TASK OBJECTIVE:
Your task is to copy the listing exactly, with the pictures left out.

THE DATA:
---+---

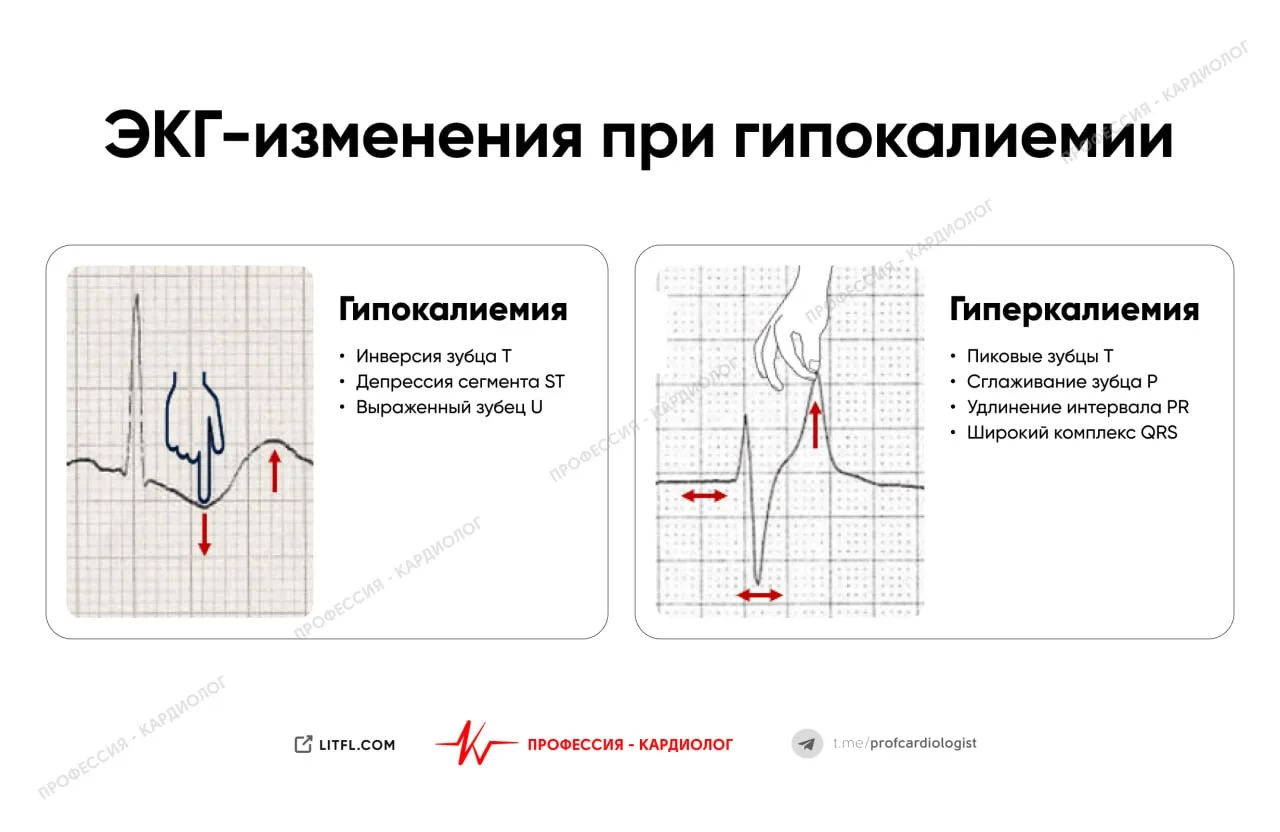 ЭКГ при изменениях уровня калия

Гипокалиемия создаёт иллюзию «сдвига» зубца Т вниз, что приводит к 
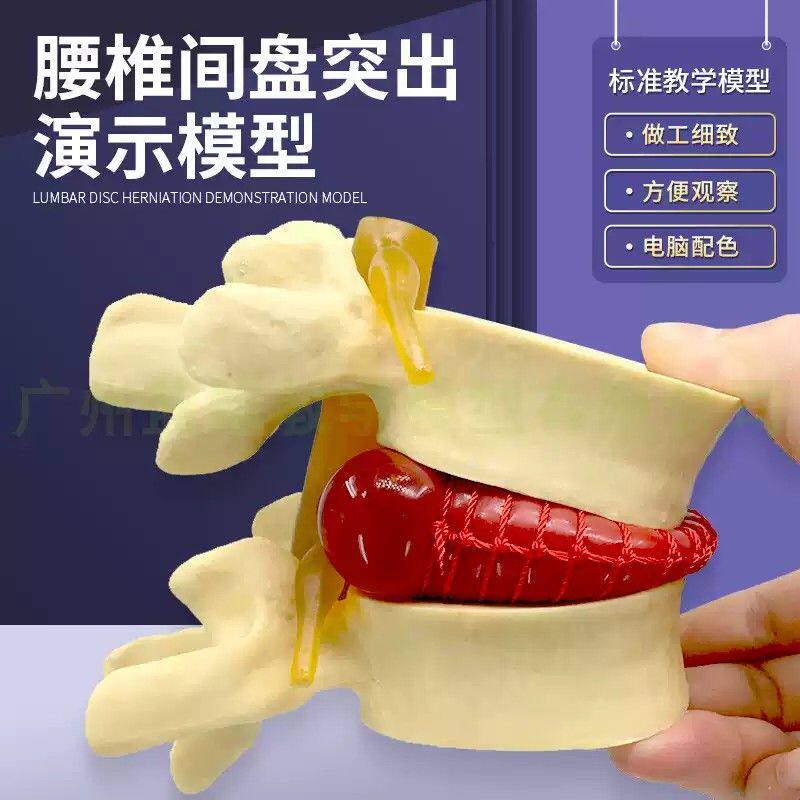 医学人体腰椎间盘受压演示模型 人体脊柱脊椎骨病理侧压突出演示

---+---

TASK ANSWER:
 ЭКГ при изменениях уровня калия

Гипокалиемия создаёт иллюзию «сдвига» зубца Т вниз, что приводит к 
 医学人体腰椎间盘受压演示模型 人体脊柱脊椎骨病理侧压突出演示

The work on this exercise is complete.